[Short text fragments from websites]
---

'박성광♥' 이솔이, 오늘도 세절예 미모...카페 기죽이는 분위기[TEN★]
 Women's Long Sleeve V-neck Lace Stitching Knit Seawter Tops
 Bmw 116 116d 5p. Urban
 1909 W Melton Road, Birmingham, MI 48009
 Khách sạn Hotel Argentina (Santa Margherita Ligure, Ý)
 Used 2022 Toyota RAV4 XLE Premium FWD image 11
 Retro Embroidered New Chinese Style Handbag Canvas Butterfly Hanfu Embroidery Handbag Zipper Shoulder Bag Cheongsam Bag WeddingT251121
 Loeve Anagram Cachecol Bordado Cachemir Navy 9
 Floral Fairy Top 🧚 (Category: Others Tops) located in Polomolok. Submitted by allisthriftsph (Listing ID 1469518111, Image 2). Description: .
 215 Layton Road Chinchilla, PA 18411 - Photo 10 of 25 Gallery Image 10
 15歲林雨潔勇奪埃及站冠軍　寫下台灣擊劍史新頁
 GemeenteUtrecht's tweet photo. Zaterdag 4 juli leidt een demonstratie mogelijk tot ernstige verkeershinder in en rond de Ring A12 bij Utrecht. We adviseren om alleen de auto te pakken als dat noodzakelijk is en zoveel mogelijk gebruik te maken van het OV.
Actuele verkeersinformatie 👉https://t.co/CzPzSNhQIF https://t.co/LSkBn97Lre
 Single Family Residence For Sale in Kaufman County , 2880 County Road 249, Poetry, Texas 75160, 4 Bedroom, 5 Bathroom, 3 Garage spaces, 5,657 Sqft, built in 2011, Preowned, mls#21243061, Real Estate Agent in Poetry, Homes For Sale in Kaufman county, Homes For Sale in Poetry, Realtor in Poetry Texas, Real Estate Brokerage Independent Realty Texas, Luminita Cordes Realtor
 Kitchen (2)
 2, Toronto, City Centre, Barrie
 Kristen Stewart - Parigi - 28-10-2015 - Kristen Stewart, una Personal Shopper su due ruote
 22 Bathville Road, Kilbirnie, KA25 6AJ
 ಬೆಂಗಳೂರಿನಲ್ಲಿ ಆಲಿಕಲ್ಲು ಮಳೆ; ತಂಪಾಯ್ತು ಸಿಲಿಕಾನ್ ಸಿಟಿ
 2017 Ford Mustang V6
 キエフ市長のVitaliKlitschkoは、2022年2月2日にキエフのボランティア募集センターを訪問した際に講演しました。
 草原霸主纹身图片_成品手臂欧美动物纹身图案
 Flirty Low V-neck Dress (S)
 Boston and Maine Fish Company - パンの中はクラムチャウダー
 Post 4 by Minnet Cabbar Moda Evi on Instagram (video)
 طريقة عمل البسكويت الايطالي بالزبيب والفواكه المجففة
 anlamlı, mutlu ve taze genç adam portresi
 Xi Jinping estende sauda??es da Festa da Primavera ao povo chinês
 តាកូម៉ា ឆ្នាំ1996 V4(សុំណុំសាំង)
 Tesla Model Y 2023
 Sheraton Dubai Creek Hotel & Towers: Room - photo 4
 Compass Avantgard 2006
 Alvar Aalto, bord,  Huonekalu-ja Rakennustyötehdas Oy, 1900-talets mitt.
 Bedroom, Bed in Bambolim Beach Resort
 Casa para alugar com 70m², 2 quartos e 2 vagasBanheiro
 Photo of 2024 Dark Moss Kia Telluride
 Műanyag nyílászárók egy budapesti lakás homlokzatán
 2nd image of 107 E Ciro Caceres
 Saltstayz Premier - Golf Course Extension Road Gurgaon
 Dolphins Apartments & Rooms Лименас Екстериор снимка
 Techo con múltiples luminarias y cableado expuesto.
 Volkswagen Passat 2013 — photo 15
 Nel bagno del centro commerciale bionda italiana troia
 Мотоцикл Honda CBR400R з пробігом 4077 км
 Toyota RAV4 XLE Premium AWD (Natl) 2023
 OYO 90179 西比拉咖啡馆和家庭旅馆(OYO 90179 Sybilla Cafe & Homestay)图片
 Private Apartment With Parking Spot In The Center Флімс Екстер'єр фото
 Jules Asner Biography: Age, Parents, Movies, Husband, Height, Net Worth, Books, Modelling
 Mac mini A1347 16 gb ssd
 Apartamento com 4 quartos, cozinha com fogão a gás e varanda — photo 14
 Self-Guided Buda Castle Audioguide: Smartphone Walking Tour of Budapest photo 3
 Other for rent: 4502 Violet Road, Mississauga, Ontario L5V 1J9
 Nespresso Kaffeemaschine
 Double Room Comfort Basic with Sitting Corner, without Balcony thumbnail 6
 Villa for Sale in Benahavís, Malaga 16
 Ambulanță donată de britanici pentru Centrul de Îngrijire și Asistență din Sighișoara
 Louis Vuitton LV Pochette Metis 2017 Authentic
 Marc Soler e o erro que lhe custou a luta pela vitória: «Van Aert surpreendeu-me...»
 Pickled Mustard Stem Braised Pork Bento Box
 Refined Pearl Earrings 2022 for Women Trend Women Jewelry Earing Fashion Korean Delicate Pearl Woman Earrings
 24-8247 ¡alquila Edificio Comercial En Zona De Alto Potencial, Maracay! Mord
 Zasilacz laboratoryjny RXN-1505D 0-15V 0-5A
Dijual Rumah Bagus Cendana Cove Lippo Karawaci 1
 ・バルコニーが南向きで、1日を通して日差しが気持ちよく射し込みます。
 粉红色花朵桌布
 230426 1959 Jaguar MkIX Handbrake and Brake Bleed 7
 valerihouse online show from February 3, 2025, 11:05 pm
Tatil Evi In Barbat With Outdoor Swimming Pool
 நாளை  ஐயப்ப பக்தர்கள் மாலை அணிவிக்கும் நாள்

---

An exact, complete copy of the lines above from the one with "Kitchen (2)" through the one with "Mac mini A1347 16 gb ssd" is the whole answer.

* Task output:
 Kitchen (2)
 2, Toronto, City Centre, Barrie
 Kristen Stewart - Parigi - 28-10-2015 - Kristen Stewart, una Personal Shopper su due ruote
 22 Bathville Road, Kilbirnie, KA25 6AJ
 ಬೆಂಗಳೂರಿನಲ್ಲಿ ಆಲಿಕಲ್ಲು ಮಳೆ; ತಂಪಾಯ್ತು ಸಿಲಿಕಾನ್ ಸಿಟಿ
 2017 Ford Mustang V6
 キエフ市長のVitaliKlitschkoは、2022年2月2日にキエフのボランティア募集センターを訪問した際に講演しました。
 草原霸主纹身图片_成品手臂欧美动物纹身图案
 Flirty Low V-neck Dress (S)
 Boston and Maine Fish Company - パンの中はクラムチャウダー
 Post 4 by Minnet Cabbar Moda Evi on Instagram (video)
 طريقة عمل البسكويت الايطالي بالزبيب والفواكه المجففة
 anlamlı, mutlu ve taze genç adam portresi
 Xi Jinping estende sauda??es da Festa da Primavera ao povo chinês
 តាកូម៉ា ឆ្នាំ1996 V4(សុំណុំសាំង)
 Tesla Model Y 2023
 Sheraton Dubai Creek Hotel & Towers: Room - photo 4
 Compass Avantgard 2006
 Alvar Aalto, bord,  Huonekalu-ja Rakennustyötehdas Oy, 1900-talets mitt.
 Bedroom, Bed in Bambolim Beach Resort
 Casa para alugar com 70m², 2 quartos e 2 vagasBanheiro
 Photo of 2024 Dark Moss Kia Telluride
 Műanyag nyílászárók egy budapesti lakás homlokzatán
 2nd image of 107 E Ciro Caceres
 Saltstayz Premier - Golf Course Extension Road Gurgaon
 Dolphins Apartments & Rooms Лименас Екстериор снимка
 Techo con múltiples luminarias y cableado expuesto.
 Volkswagen Passat 2013 — photo 15
 Nel bagno del centro commerciale bionda italiana troia
 Мотоцикл Honda CBR400R з пробігом 4077 км
 Toyota RAV4 XLE Premium AWD (Natl) 2023
 OYO 90179 西比拉咖啡馆和家庭旅馆(OYO 90179 Sybilla Cafe & Homestay)图片
 Private Apartment With Parking Spot In The Center Флімс Екстер'єр фото
 Jules Asner Biography: Age, Parents, Movies, Husband, Height, Net Worth, Books, Modelling
 Mac mini A1347 16 gb ssd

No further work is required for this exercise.